Za bardzo przed laty wczytywałam się w Iwaszkiewicza i nie interesowały mnie jego osobiste relacje z innymi pisarzami, ani relacje z rodziną, a po przeczytaniu "Na grobli" zobaczyłam w bohaterze człowieka bez wyższych uczuć, bardziej kabotyna niż dobrego pisarza.
"Na grobli" to Stawiska - posiadłość Iwaszkiewicza. Stach to sekretarz i partner w związku intymnym z pisarzem. Maria to żona, a Ola - córka. Inne imiona, ale w charakterze zbliżone do faktycznych realiów życia pisarza.
Też Moskiewska nagroda literacka - wspomnienia przeplatają się z fikcją literacką. Żal mi było braku więzi między córką, a ojcem.

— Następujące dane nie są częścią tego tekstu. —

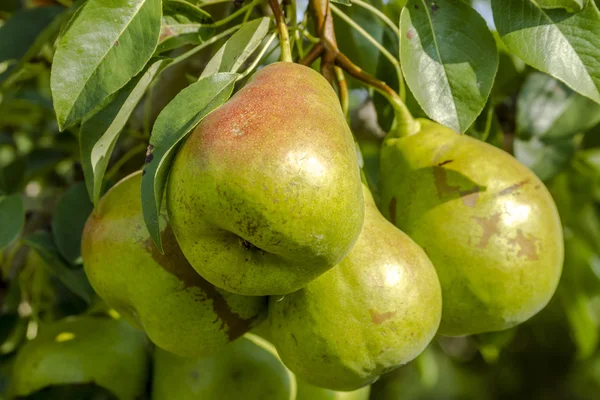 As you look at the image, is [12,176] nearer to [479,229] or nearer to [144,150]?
[144,150]

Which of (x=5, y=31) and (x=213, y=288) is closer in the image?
(x=213, y=288)

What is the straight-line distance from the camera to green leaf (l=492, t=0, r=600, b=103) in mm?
1173

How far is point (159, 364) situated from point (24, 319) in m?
0.57

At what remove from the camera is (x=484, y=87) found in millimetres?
1173

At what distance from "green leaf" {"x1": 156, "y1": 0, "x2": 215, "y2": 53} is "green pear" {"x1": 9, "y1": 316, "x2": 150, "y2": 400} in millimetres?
620

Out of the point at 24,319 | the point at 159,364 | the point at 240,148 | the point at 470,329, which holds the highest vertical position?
the point at 240,148

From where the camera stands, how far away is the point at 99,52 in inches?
41.7

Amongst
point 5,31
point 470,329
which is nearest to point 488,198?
point 470,329

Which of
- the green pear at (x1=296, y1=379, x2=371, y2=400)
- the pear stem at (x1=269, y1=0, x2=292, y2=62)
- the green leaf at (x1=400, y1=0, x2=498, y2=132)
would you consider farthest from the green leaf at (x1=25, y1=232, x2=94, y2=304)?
the green leaf at (x1=400, y1=0, x2=498, y2=132)

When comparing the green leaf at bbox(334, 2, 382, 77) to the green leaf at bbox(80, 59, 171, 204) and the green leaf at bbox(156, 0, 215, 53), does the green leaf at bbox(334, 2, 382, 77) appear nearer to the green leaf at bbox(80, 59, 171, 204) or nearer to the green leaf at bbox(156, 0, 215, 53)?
the green leaf at bbox(156, 0, 215, 53)

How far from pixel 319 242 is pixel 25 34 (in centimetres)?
113

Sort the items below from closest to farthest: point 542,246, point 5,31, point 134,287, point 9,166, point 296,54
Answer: point 134,287 → point 542,246 → point 296,54 → point 5,31 → point 9,166

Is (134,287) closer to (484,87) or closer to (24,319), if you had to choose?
(484,87)

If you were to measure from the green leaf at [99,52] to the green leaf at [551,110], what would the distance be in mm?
1120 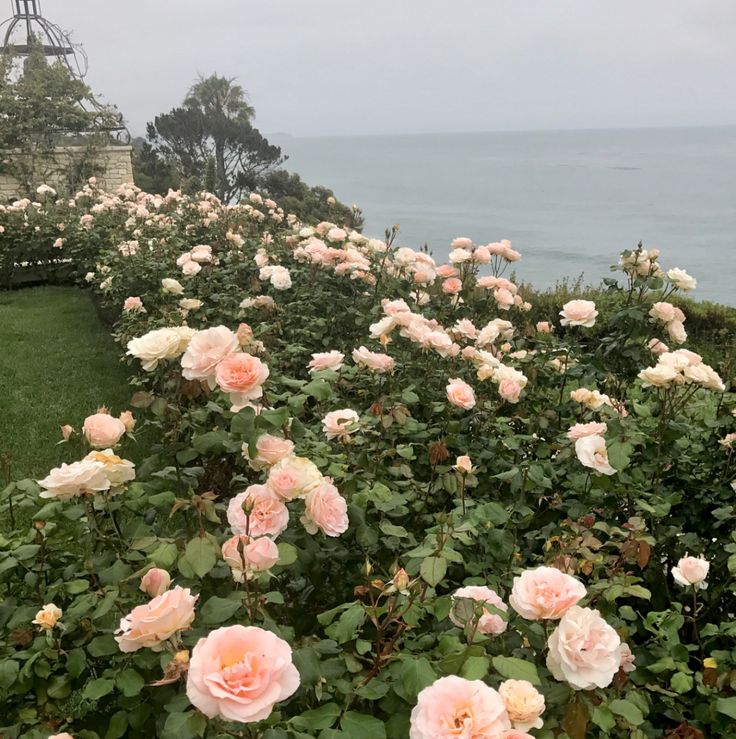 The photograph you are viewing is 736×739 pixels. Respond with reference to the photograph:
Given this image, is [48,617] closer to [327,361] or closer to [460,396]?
[327,361]

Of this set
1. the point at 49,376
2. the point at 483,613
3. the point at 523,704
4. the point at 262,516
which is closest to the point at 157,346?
the point at 262,516

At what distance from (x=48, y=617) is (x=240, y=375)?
526 mm

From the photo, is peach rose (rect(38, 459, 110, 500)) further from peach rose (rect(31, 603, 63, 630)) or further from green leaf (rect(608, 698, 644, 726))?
green leaf (rect(608, 698, 644, 726))

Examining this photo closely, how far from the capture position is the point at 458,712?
0.74 meters

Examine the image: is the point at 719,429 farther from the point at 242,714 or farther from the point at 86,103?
the point at 86,103

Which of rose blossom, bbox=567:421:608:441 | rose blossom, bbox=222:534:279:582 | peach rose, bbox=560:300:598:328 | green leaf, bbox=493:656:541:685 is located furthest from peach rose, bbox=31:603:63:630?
peach rose, bbox=560:300:598:328

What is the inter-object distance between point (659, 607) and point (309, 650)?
1248mm

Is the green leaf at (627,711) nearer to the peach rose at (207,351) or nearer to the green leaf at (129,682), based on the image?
the green leaf at (129,682)

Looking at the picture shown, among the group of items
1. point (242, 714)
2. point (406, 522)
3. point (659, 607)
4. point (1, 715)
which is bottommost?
point (1, 715)

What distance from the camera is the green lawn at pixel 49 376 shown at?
3.88m

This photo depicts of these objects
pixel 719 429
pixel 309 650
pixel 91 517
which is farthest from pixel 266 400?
pixel 719 429

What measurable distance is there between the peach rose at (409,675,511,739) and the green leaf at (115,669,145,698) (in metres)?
0.45

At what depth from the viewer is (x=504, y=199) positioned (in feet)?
165

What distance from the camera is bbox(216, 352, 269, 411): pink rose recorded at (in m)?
1.18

Ola nie wzięła do ręki żadnej z jego książek i wybrała najpierw życie mniszki w Iłży, a później całkowite odcięcie się od otaczającej ją rzeczywistości w zakonie kontemplacyjnym w Rzymie.
W sumie smutna i refleksyjna opowieść z mocnym wątkiem rosyjskiej i partyjnej, ubowskiej i żydowskiej przeszłości powojennej Polski.